For this to be useful, we need to have very clear documentation of what is in each default input set. --james 13:55, 12 December 2007 (GMT)

  • Modularize the input. By this I think it would be useful to be able to add options to the input without having to add things to include files.

--alex 16:36, 11 December 2007 (GMT)

So all the input options are stored in modules instead, right? This would be good. We can also get rid of the IMPLICIT REAL statement (ugh!). --james 13:55, 12 December 2007 (GMT)

  • Modularize the system-specific data. I think it would be useful to have some sort of global 'system' object which contains details specifying the system (e.g. for Hubbard the size, t and U values etc. Other data for CPMD. For read-in integrals, this could just be symmetry info.) --alex 16:36, 11 December 2007 (GMT)

Would it be useful to have separate modules for each system type, or just one covering everything in the System section? --james 13:55, 12 December 2007 (GMT)

  • Modularize the basis. Again this will include lists of basis functions, energies and symmetries. Probably also the interfaces to access the 1- and 2-electron integrals. --alex 16:36, 11 December 2007 (GMT)
  • Modularize the many-electron system. By this I'm thinking of how we deal with determinants. The initial code used just lists of electrons in the determinants. As number of electrons increases, this will mean large amounts of copying essentially redundant data (very few electrons actually change in a particular process). I've already hacked some of the code (the star I think) to deal with 'excitation-based' determinants - i.e. excitations with respect to the Hartree-Fock determinant. This sort of thing should be transparent to the actual users (i.e. subroutines) of the determinants. --alex 16:36, 11 December 2007 (GMT)

Problems

  • I have been thinking about objectifying code for some time.

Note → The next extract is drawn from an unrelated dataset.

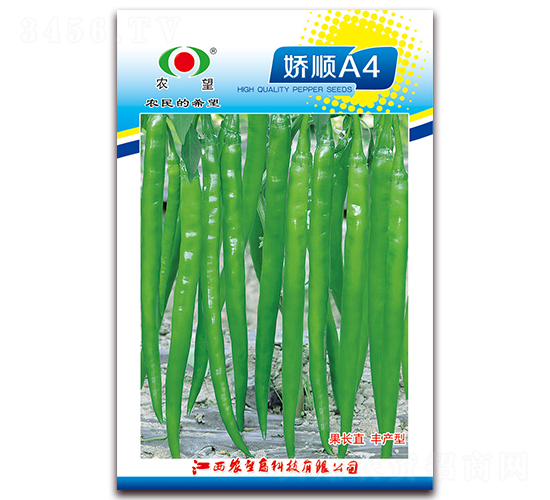 ���A4-�����N��-�r(n��ng)��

One problem is that FORTRAN objects (TYPEs) cannot contain variable length data. In particular a general Determinant type would need to have a field with the length of the number of electrons which is a variable. One solution (which I dislike) is to include a fortran variable sized pointer array. This means that every time you allocate memory for a determinant (which is done quite a lot) you also then allocate a separate portion of memory for the actual list of electrons. This is messy and inefficient. Another solution is to consider another language. C++ (with templates) can handle this sort of object with ease. Since object files and linking conventions have been around for a good 30 years, I think most of the problems linking different languages have been sorted out in this time. Could we venture into cross-language programming? My experience from Q-Chem is mixed. It is written in FORTRAN, C and C++, and this seems to cause quite a bit of hassle -- not with linking, but with misunderstanding of interfaces. Worse still, there are C++ wrappers on Fortran routines which seem to misunderstand the data-encapsulation nature of objects. This can lead to computational overhead if handled badly. I'm undecided. --alex 16:59, 11 December 2007 (GMT)

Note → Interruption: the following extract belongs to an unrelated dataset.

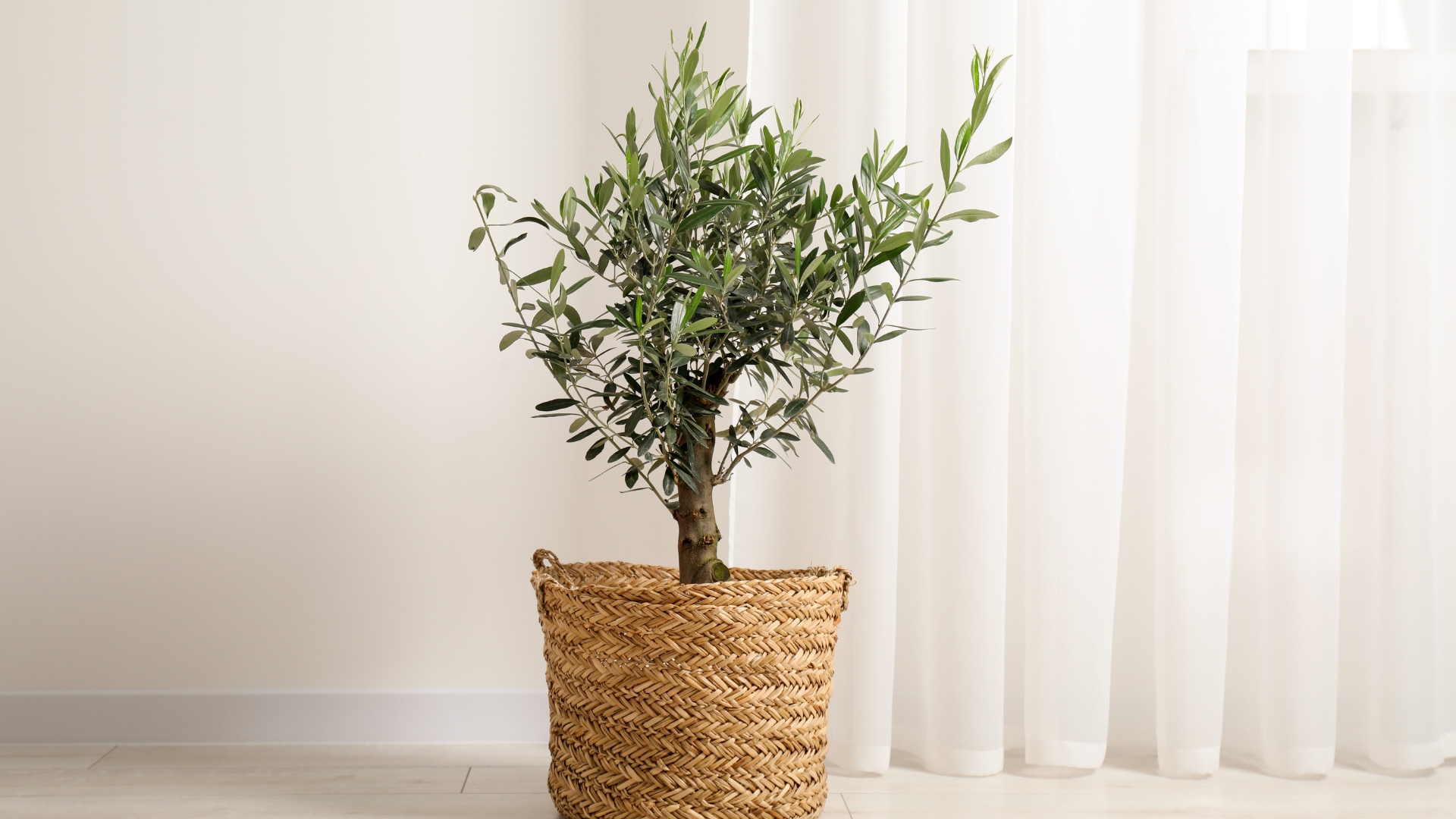 7 Low Maintenance Trees Perfect For Growing Indoors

My (limited) experience is that mixed code is frequently messy, nasty and best avoided if possible. Plus, only Alex has any real experience with C or C++... Could we have a general determinant type based on a reference determinant, which is regarded as "special" (i.e. contains the full list of electrons)? --james 14:06, 12 December 2007 (GMT)

  • Documentation. Experience shows that documentation must be added at the time the code is written. If interfaces are not well-defined when writing code (i.e. the code is very experimental, and you're not quite sure what it can/will do) then keep it out of the repository. Once code is checked into the repository it should be documented and understandable (both in the interface and the general algorithm). References to papers in the code are good. If a concept is too difficult to describe in the code, then refer to a document kept with the code (otherwise it will be lost). --alex 16:59, 11 December 2007 (GMT)

Rather, a much better practice would be to use a development branch for experimental work, and only commit clean, well-commented code to the main repository. I will still carry out the nightly tests of the main (stable) repository, but there should really be no breakage. If anyone wishes, I can provide the code to carry out regular tests of a branch. --james 14:06, 12 December 2007 (GMT)

  • Documentation 2. I've been wondering how to enforce this, and it seems that the best way may be to get someone else to read through the code and add extra comments to it (or complain about it) once checked in (or before) - not sure whether this is a good idea - it might mean more work, but it will ensure a well-commented codebase. --alex 16:59, 11 December 2007 (GMT)

Agreed. I think it's worth the extra work. Also, as we modify code, commenting on the existing codebase would be A Good Thing. --james 14:06, 12 December 2007 (GMT)

  • Programmers' Reference. There are automatic programmers' reference generation systems which take comments from the code and turn them into a TeX reference manual. doxygen is one such system. Does anyone know of it? --alex 16:59, 11 December 2007 (GMT)

Such a resource would be very helpful for new people joining the group/working on areas of the code not written by you. Doxygen cannot parse Fortran code, sadly. I assume there's a similar resource available for Fortran... --james 14:06, 12 December 2007 (GMT)